Instructions for the task: Nothing outside the stretch is wanted. Repeat exactly the lines of the listing below from the one that contains "True 7-foot giant" through the one that contains "Ditsy Shamrock Patch", both ends included.

Supplied entries:
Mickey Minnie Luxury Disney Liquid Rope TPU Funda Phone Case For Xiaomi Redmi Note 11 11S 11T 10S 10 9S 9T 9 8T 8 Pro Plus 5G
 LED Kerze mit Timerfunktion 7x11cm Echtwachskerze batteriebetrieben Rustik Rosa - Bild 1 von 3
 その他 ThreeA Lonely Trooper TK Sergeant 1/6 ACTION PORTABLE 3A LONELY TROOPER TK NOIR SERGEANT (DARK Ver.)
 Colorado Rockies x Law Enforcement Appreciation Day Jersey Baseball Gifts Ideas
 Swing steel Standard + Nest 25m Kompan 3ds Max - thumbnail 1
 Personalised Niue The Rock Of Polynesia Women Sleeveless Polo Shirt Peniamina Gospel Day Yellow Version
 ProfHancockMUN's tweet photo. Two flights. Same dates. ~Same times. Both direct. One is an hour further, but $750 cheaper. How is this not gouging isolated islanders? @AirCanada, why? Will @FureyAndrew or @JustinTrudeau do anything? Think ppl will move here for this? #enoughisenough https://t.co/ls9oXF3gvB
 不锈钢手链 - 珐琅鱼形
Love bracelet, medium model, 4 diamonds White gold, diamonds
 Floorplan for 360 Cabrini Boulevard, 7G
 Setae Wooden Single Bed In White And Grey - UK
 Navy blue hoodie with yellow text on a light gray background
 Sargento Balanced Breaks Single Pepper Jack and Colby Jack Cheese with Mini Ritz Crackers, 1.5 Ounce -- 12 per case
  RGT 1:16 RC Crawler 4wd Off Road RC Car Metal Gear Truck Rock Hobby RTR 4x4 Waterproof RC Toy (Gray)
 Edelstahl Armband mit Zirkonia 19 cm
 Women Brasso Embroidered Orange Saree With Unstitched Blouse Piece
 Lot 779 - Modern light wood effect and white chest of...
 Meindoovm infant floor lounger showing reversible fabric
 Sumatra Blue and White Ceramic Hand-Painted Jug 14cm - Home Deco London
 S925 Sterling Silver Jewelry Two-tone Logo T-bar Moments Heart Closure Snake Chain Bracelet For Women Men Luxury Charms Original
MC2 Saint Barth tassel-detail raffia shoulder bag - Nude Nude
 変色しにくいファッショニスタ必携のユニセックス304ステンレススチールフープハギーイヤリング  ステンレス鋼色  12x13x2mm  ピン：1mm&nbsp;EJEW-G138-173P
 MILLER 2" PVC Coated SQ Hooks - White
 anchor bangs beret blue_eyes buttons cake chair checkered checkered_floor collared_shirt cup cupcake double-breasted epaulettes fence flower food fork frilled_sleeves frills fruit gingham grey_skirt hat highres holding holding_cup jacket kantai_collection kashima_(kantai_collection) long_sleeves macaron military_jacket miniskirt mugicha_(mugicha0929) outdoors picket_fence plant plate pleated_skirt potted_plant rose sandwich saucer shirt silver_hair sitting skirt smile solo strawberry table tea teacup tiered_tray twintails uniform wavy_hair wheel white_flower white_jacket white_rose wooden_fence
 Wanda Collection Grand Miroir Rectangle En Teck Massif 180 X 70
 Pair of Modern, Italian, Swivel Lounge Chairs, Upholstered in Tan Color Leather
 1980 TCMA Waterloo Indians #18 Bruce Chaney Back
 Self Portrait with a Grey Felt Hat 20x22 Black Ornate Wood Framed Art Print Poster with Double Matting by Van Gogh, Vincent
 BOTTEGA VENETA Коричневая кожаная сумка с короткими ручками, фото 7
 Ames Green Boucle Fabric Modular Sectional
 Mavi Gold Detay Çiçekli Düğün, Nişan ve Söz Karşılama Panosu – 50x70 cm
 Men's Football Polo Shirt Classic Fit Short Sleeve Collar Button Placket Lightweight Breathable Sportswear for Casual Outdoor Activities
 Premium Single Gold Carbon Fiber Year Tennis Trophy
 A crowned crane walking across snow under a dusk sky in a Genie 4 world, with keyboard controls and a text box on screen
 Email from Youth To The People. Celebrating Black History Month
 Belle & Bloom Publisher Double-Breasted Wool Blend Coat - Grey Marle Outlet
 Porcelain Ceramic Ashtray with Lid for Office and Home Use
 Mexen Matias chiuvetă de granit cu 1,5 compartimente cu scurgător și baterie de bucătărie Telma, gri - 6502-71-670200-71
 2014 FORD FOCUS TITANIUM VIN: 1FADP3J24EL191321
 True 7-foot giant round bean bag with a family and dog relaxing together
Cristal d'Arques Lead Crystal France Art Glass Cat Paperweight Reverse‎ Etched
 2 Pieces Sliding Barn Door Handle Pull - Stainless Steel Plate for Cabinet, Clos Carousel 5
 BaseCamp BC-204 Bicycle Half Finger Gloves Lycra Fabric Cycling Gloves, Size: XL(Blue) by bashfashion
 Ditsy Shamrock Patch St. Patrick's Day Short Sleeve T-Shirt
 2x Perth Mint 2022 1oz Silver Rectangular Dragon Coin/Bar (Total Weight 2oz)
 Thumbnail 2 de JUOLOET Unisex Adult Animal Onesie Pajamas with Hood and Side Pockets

Result below:
 True 7-foot giant round bean bag with a family and dog relaxing together
Cristal d'Arques Lead Crystal France Art Glass Cat Paperweight Reverse‎ Etched
 2 Pieces Sliding Barn Door Handle Pull - Stainless Steel Plate for Cabinet, Clos Carousel 5
 BaseCamp BC-204 Bicycle Half Finger Gloves Lycra Fabric Cycling Gloves, Size: XL(Blue) by bashfashion
 Ditsy Shamrock Patch St. Patrick's Day Short Sleeve T-Shirt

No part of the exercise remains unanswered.